THE DATA:
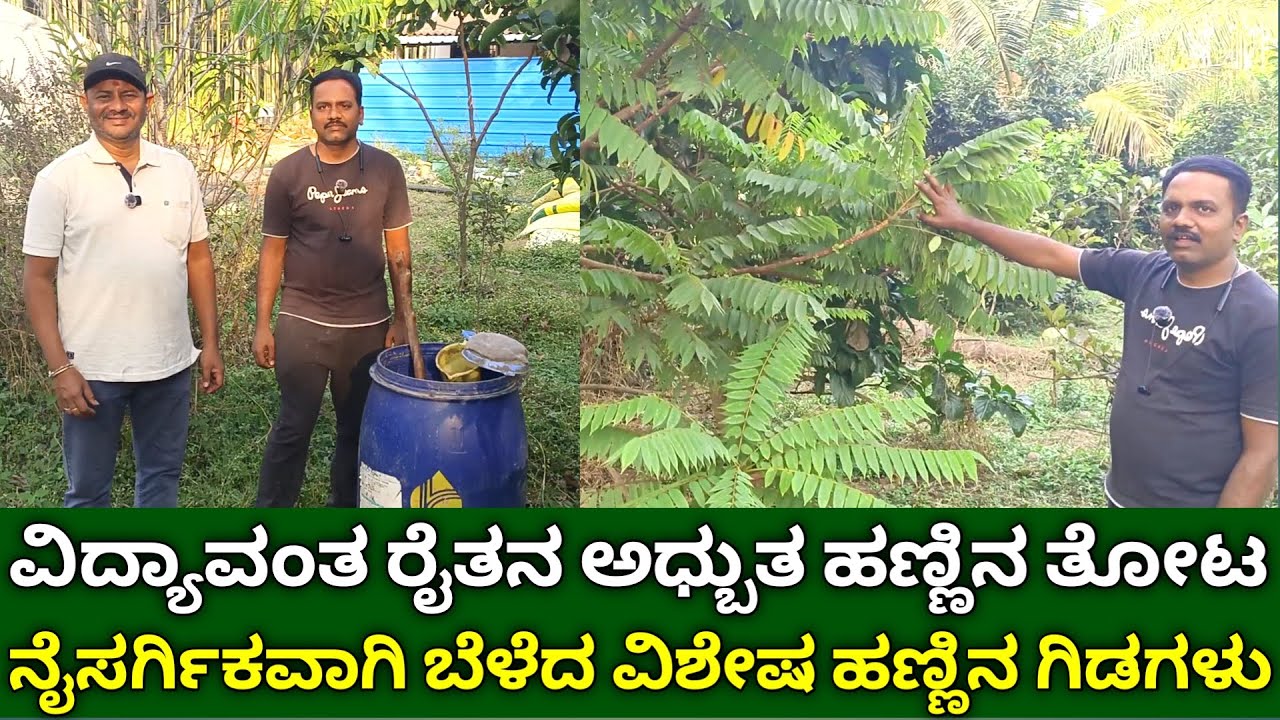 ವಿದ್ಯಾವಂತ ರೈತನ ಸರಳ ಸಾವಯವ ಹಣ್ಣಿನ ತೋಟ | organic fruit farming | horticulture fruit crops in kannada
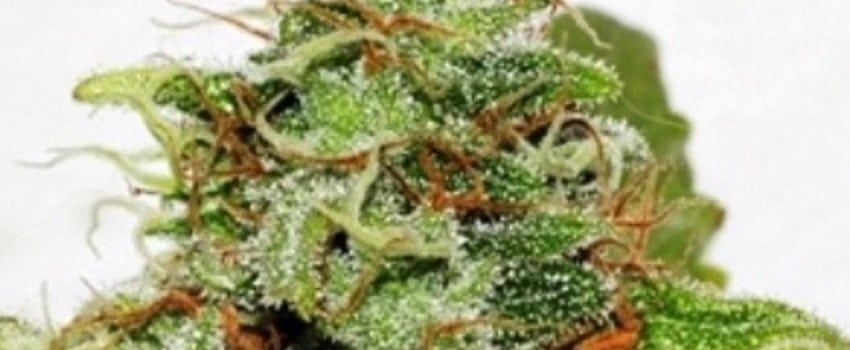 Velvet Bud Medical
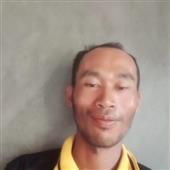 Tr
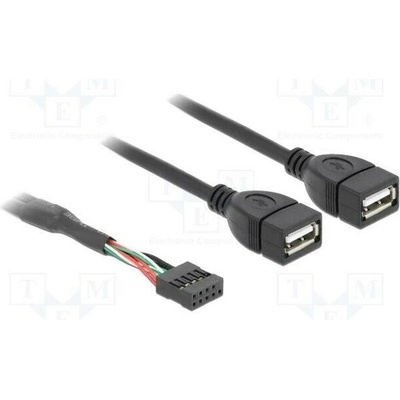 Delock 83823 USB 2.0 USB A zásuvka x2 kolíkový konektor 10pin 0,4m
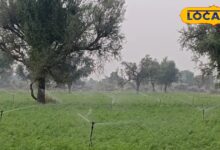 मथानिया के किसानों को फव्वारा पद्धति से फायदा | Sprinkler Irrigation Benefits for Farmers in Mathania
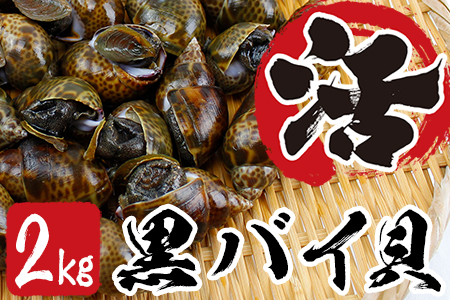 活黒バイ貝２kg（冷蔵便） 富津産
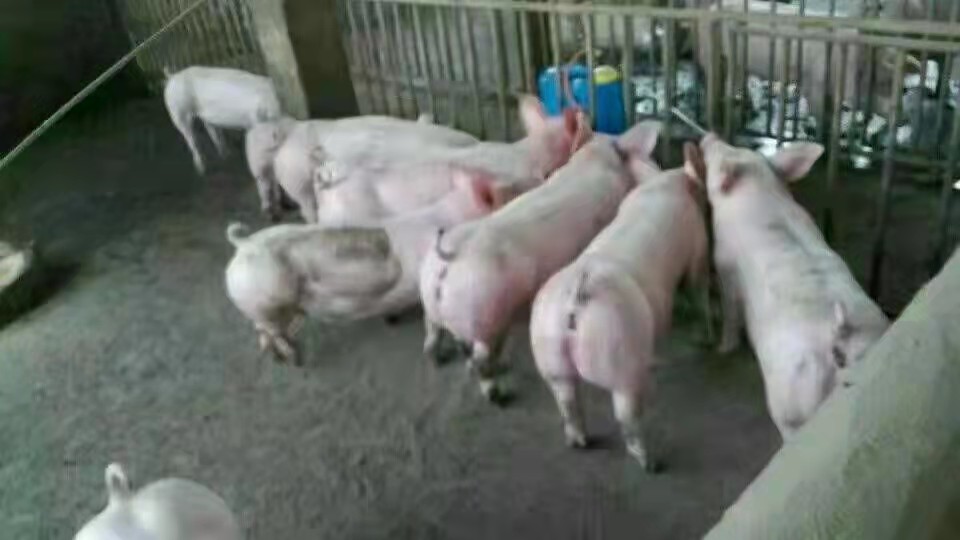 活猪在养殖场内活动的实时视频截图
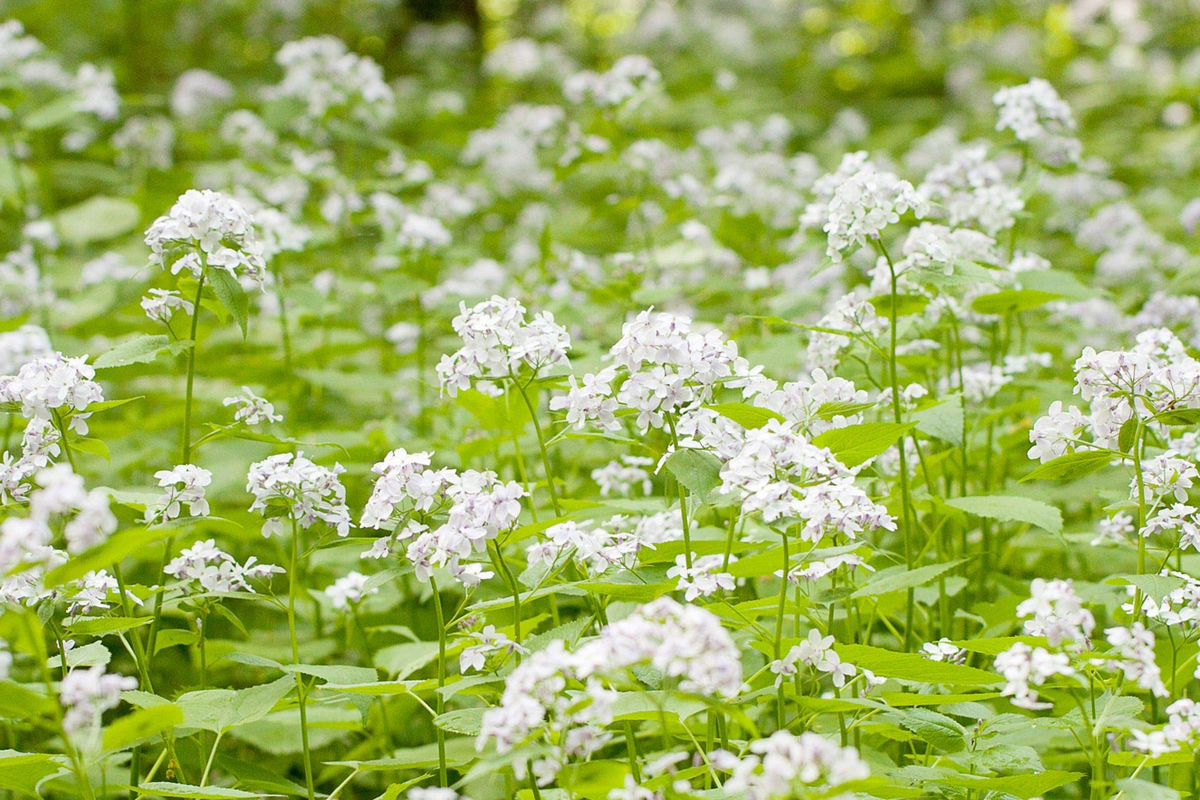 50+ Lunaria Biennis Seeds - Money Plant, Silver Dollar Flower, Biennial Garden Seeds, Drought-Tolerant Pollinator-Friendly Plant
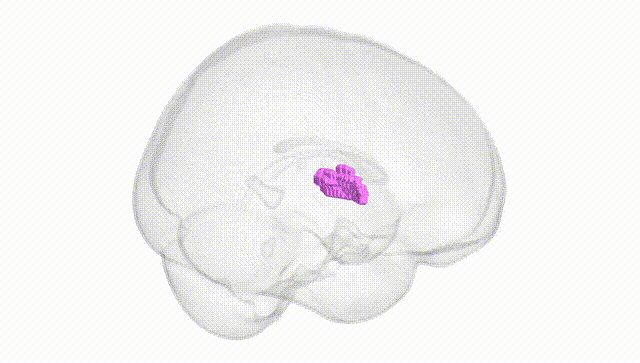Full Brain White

WHAT THE EXERCISE ASKS:
Repeat the listing above exactly, with no pictures.

EXERCISE ANSWER:
 ವಿದ್ಯಾವಂತ ರೈತನ ಸರಳ ಸಾವಯವ ಹಣ್ಣಿನ ತೋಟ | organic fruit farming | horticulture fruit crops in kannada
 Velvet Bud Medical
 Tr
 Delock 83823 USB 2.0 USB A zásuvka x2 kolíkový konektor 10pin 0,4m
 मथानिया के किसानों को फव्वारा पद्धति से फायदा | Sprinkler Irrigation Benefits for Farmers in Mathania
 活黒バイ貝２kg（冷蔵便） 富津産
 活猪在养殖场内活动的实时视频截图
 50+ Lunaria Biennis Seeds - Money Plant, Silver Dollar Flower, Biennial Garden Seeds, Drought-Tolerant Pollinator-Friendly Plant
Full Brain White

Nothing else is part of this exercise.